I like the fact there's no store bought / industrial foundation.

When I get around to maybe removing some honey in the next year or two I'll probably buy this kit for give away honey and maybe sell some. 40 cassettes X 14 =$560


----------



## RayMarler (Jun 18, 2008)

I used the Hogg Half Comb cassette system back in the '90s. Here is the way I did it.
I found a strong hive and caged the queen with no attendants and a marshmellow plug. I placed her into a single box of frames of foundation, no drawn comb. I shook the entire hive of bees into the box with her, giving the frames to other hives in the yard. I put on a queen excluder and put the Hogg cassette box on top. I did this at the start of a strong flow.

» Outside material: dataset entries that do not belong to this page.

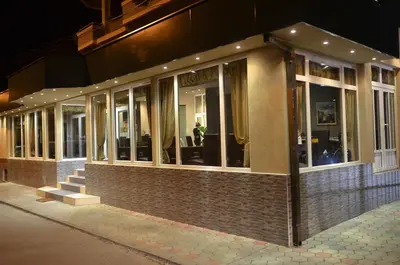 a building with a bunch of windows on a street at Garni Hotel Lion in Jagodina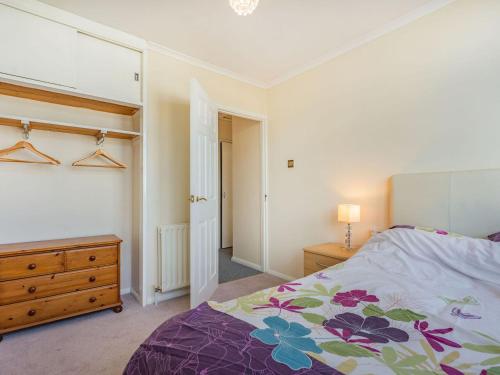 a bedroom with a bed and a wooden dresser at Sea View in Bognor Regis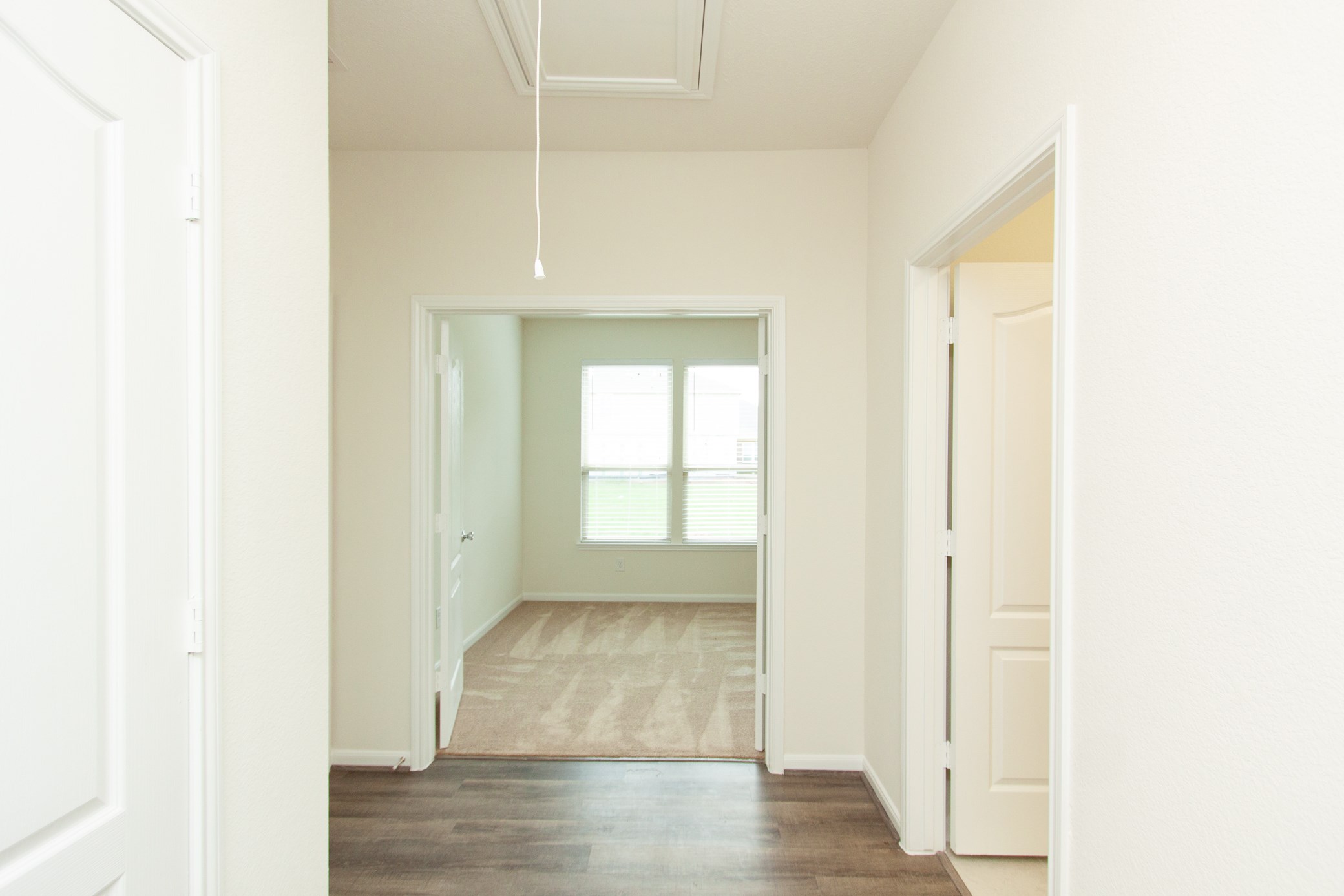 2011 Parnevik Place Conroe, TX 77304 - Photo 10 of 37 This is the hallaway leading to the spacious study/ library.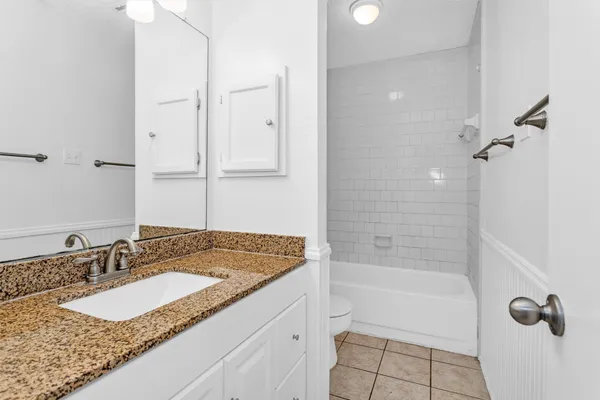 a bathroom with a granite countertop sink a mirror and a bathtub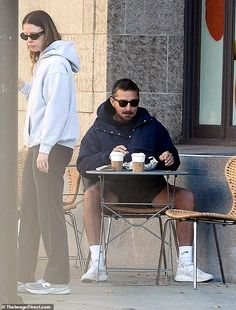 a man and woman sitting at a table with coffee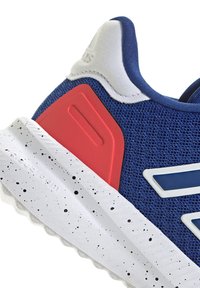 Blauer Sportschuh mit roten und weißen Akzenten. Obermaterial aus Mesh mit strukturiertem Muster, gepolsterte Sohle mit gesprenkeltem Design.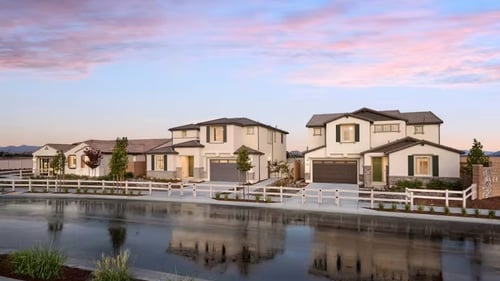 Street view of model homes in Sage at Park West by Pulte Homes in Perris, CA.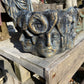 Pot with many Faces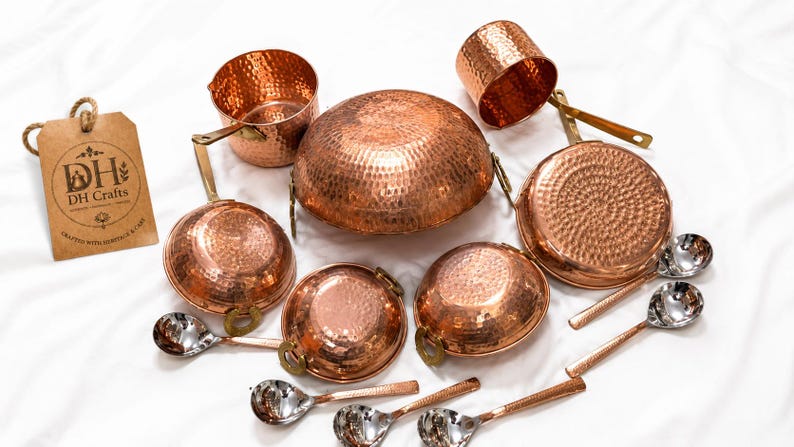 May include: A set of hammered copper cookware including a large central bowl, two saucepans with handles, a small cup, and four silver-toned metal spoons. A brown rectangular tag with the text DH Crafts and Crafted with Heritage & Care is included.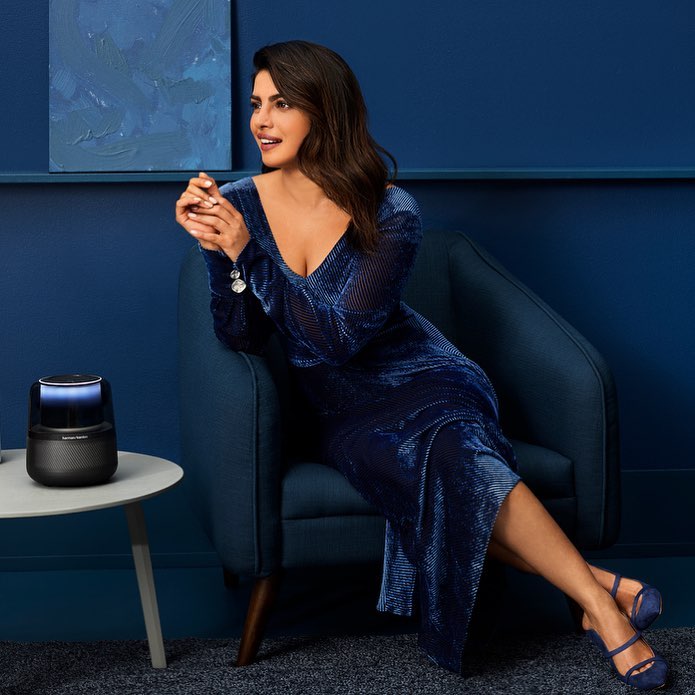 Elegant woman poses in a blue velvet dress and matching heels, seated next to a speaker on a table, set against a blue backdrop.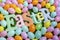 High angle and close up of Easter banner letters surrounded by colorful Easter eggs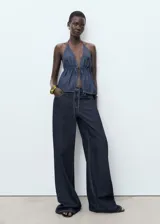 Top de denim con escote halter, espalda abierta y diseño evasé. Cuenta con fruncido elástico y cierre de lazo en el escote delantero.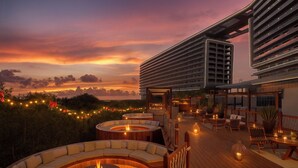 Una terraza en la azotea con un área de estar semicircular, un brasero y vistas a un edificio moderno.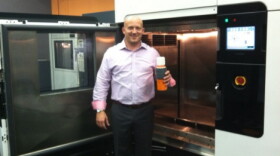 Matt Hlavin stands in front of a rapid prototyping and manufacturing machine. These can produce small batches of plastic products quickly and cheaply. This is the future, he says.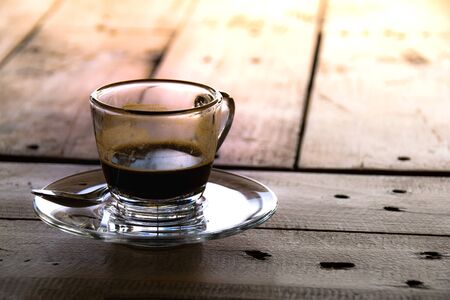 Close up coffee cup glass on wood tableの写真素材
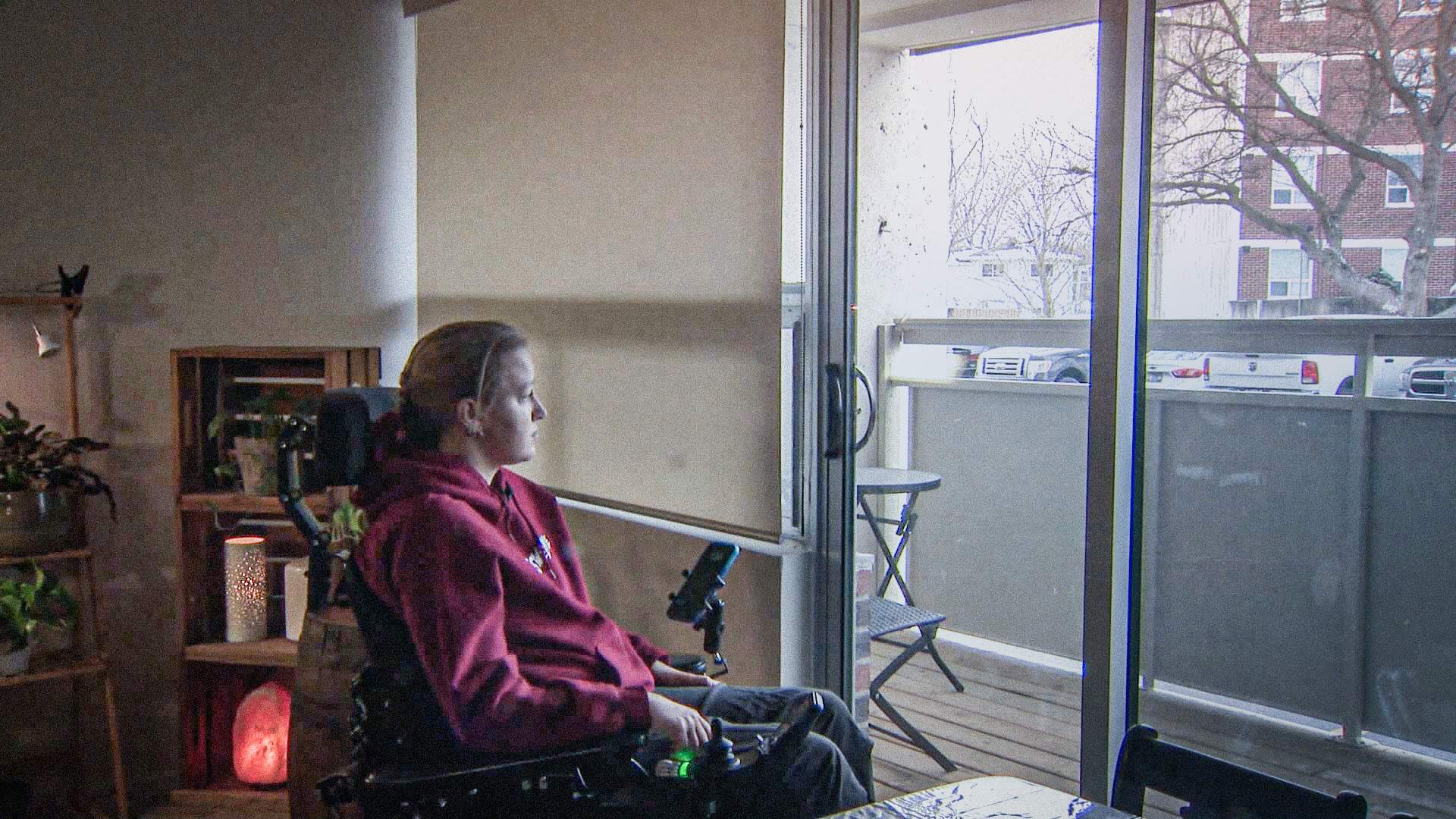 Photo of Kayla Pollock sitting in wheelchair and looking out window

This immediately turned the bees into a large strong swarm, on foundation only with no brood to care for at the start of a summer flow. This forced them into drawing comb right away. They chewed the marshmellow out releasing the queen and she slowly started laying as comb was drawn, and all extra incoming nectar they like to store above, so they started drawing the Hogg cassettes as well. This worked well for me, drew and filled all the Hogg cassettes and did not swarm.


----------



## BadBeeKeeper (Jan 24, 2015)

R_V said:


> When I get around to maybe removing some honey in the next year or two I'll probably buy this kit for give away honey and maybe sell some. 40 cassettes X 14 =$560


That sounds a little pricey...

I've just been using thin foundation in regular med. frames, but with mixed results. The first time I tried it it went perfect, the second time, not so much- I did the same thing, but when I went in to check all of the foundation was out of the frames and laying across the bottom bars...and of course there was a big mess where they just built comb any old way...

Wondering if this or Ross rounds will give a better result...or more reliable results...


----------



## JustBees (Sep 7, 2021)

I am looking at hogg halfs. I have multiple requests for comb honey from my farm stand customers.
I have 4 old style HH supers (with wooden separators) I got in a buy out.
Is it hard to get the bees to work it?


----------